The most memorable character was Alfred E. Neuman, the mop-haired boy with a gap-toothed smile. His motto: “What, me worry?” That pretty well describes how I’m feeling right now about the prospect of a recession that might hit North America.
There are a number of economic observers who believe that a recession may have actually started this spring. There are some signs that this may be the case. The stock market is a reliable leading indicator (which means it presages the future) and it started to sell off quite dramatically starting in April. The yield curve has been flirting with inversion, which means that what you will earn annually on a short-term bond exceeds what you will earn on a longer-term bond. The yield curve will likely invert even more if the Central Banks keep raising interest rates.
I’ve been talking about recession without defining it precisely. There are two related, but different, definitions. Statistics Canada judges a recession based on the depth, duration, and diffusion of the decline in economic activity.
The decline must be of substantial depth, last for more than just a few months, and should be a feature of the entire economy. In other words, it must be felt broadly. The more colloquial definition is two consecutive quarterly declines in real gross domestic product. And based on my own personal experience, I could make an argument that the Hlinka family is experiencing a mini recession right now, largely due to inflationary pressures.
Let me explain. I’m a unionized professor at George Brown College. To the best of my recollection, the wage increases in our current contract are 1.5 per cent annually. Inflation is in the range of 6 to 8 per cent. If these numbers are accurate, it means that our family is about 5 per cent worse off in real terms, year-over-year.
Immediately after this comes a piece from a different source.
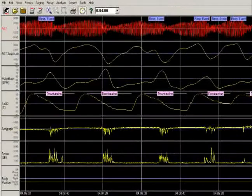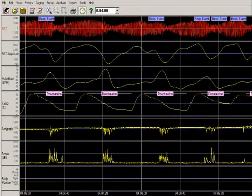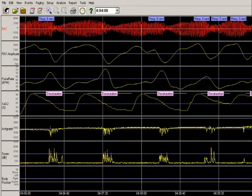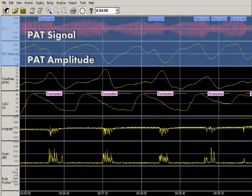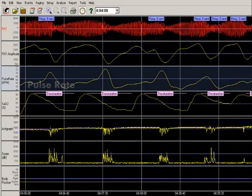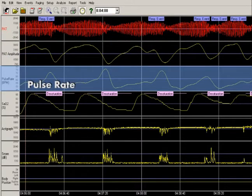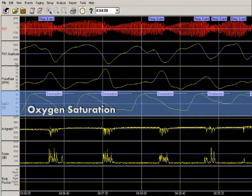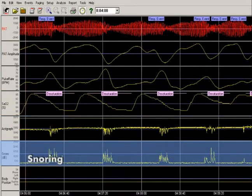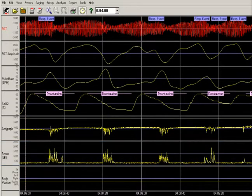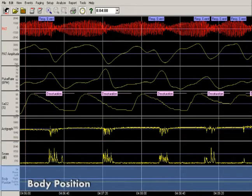WatchPad provides six physiological signals which include PAT signal and amplitude, pulse rate, oxygen saturation, actigraph, snoring in decibels, and body position.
Even if inflation levels off, in another 12 months, we could well be living at 90 per cent of what we did two years ago. That’s a pretty good definition of a recession.
However, the nature of my employment is why I believe that not only my family, but Canadians in general, have little to worry about as the economy slips into something that sure looks and feels like a slowdown.
Let’s dive deep into the latest Labour Force Survey which was released July 8. Even while employment fell, the unemployment rate declined to 4.9 per cent, as fewer people searched for work. Isn’t that curious? People, particularly those aged 55 or older, are voluntarily leaving the job market. Why do people stop looking for work when there are ample opportunities? They don’t need the money.
Then there’s the nature of the Canadian workforce. About one in four
of us are public-sector employees. It’s a cruel and unfair truth that we’re privileged in that we’re recession-proof. If you’re reading this and you work in the private sector, your position is vulnerable, and you could understandably feel resentment. I wouldn’t blame you. Yet at the same time you must recognize that the protection people like I have means that I’ll receive a cheque every two weeks, spending my money and supporting the economy.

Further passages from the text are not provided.